January 15th, 2016 by Rob Powell
We've seen a steady stream of peering agreements announced over the past year, and now we have one for 2016. But today's peering announcement isn't one that was likely driven by the FCC's regulatory stance on network neutrality following the disputes between content and the last mile of prior years. In this case it's Google and Level 3 signing a settlement-free peering agreement, and they went the extra bit mile.

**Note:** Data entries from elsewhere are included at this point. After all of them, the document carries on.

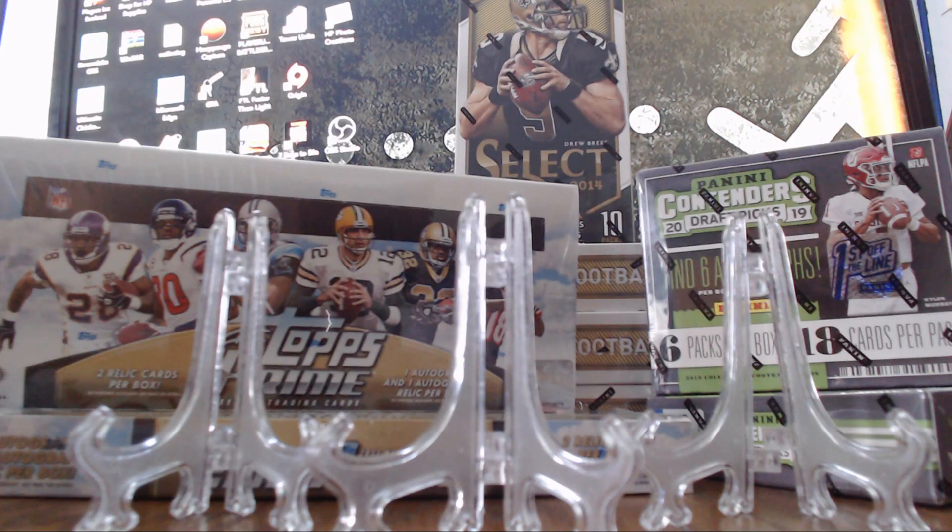What's going on? I just wanted to make a quick video to let everyone know that I have a break live right now on my eBay. Link is in the description.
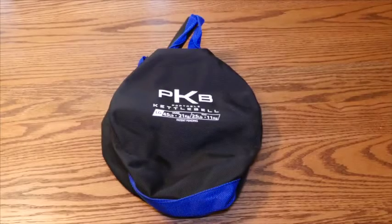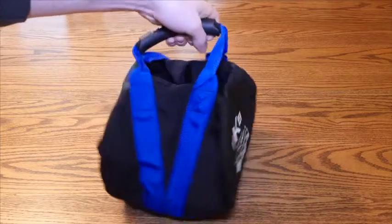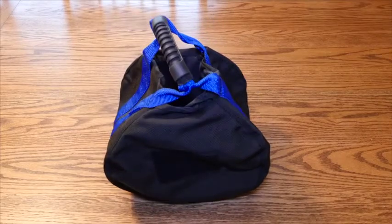First, they're portable. At home or on the road, inside the gym or outdoors — take them wherever you need them. Empty, they weigh less than 10 ounces and can be placed almost anywhere. To transport, just load them up when you're ready to use them.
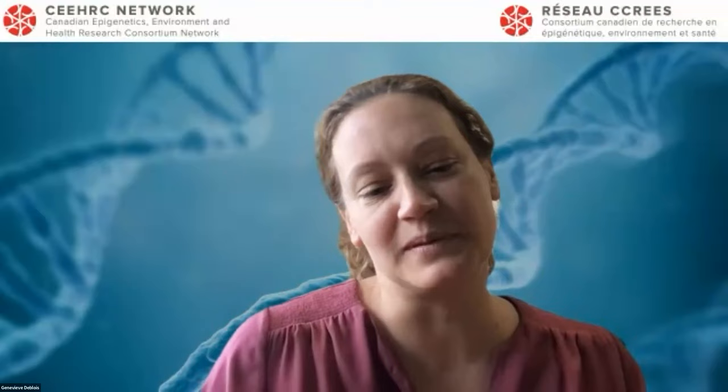Good afternoon. Welcome everyone to this CERC seminar series for today. I would like to remind everyone before we start that during the presentation, if you have questions, please use the Q&A button to type in your questions so I'll be able to read the question to the speakers after the talk.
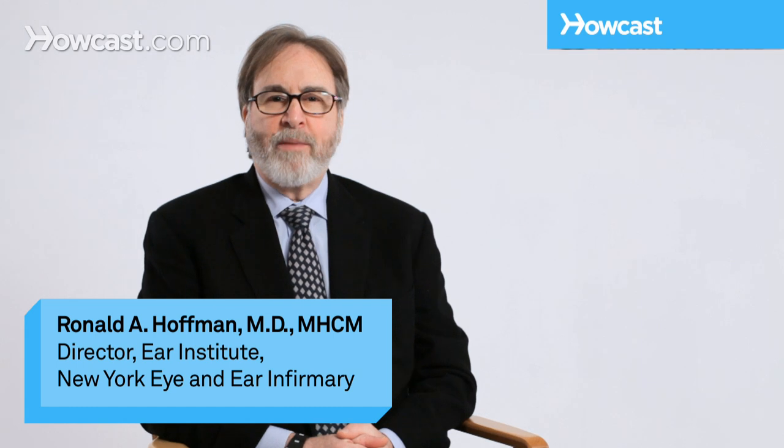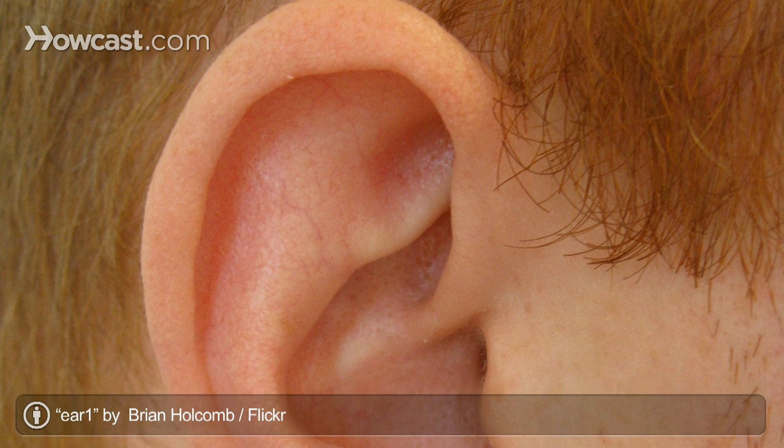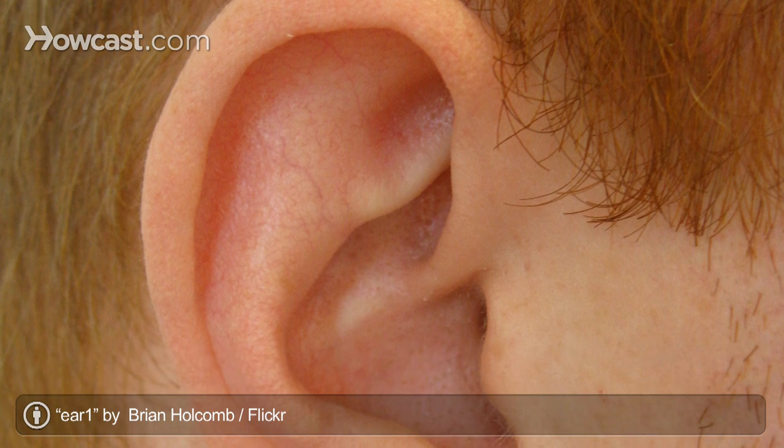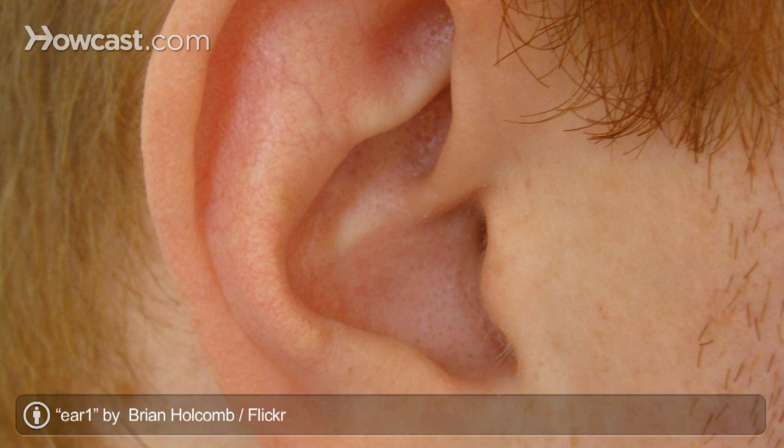We have cartilage throughout our bodies — in the tip of your nose, in all of our joints, and the majority of your ear. The external part of your ear is cartilage; you can feel it and you can bend it. Except the very lobe down here, which is only fat.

Level 3 has had the largest global transit backbone by most measures for some years now, particularly after its acquisition of Global Crossing, and it backs that up with a whole lot of fiber. Google is often classified as 'Big Content', but of course they really play at all levels in the network business, with last mile FTTH projects in multiple cities, a dark fiber backbone that spans the globe both on land and under the sea, their own private CDN infrastructure, and even a public cloud. I'm not sure 'peer' begins to describe the relationship in this case, which is perhaps why the word gets used so rarely these days.
But they both agree on how to approach interconnection it seems, and their agreement is centered on the concept of bit-mile peering. The two have committed to carrying an equitable amount of bit miles for the traffic they exchange. Should an imbalance arise where either network is carrying more traffic further, the other will shift in order to hand off traffic closer to the end user. I wonder how they keep track of it, how closely it actually gets monitored, and how bit an imbalance would need to be to disturb the peace.
Regardless, bit mile peering a concept that Level 3 has been pushing for many years as an alternative to the back-room arm wrestling that used to determine who got to be settlement free and who didn't. They've had some success with other transit backbones, but operators focused on the last mile have been resistant to adopt the concept. Google is now firmly on board though, inviting other network operators to interconnect with them under similar terms. That may give bit mile peering some significant traction.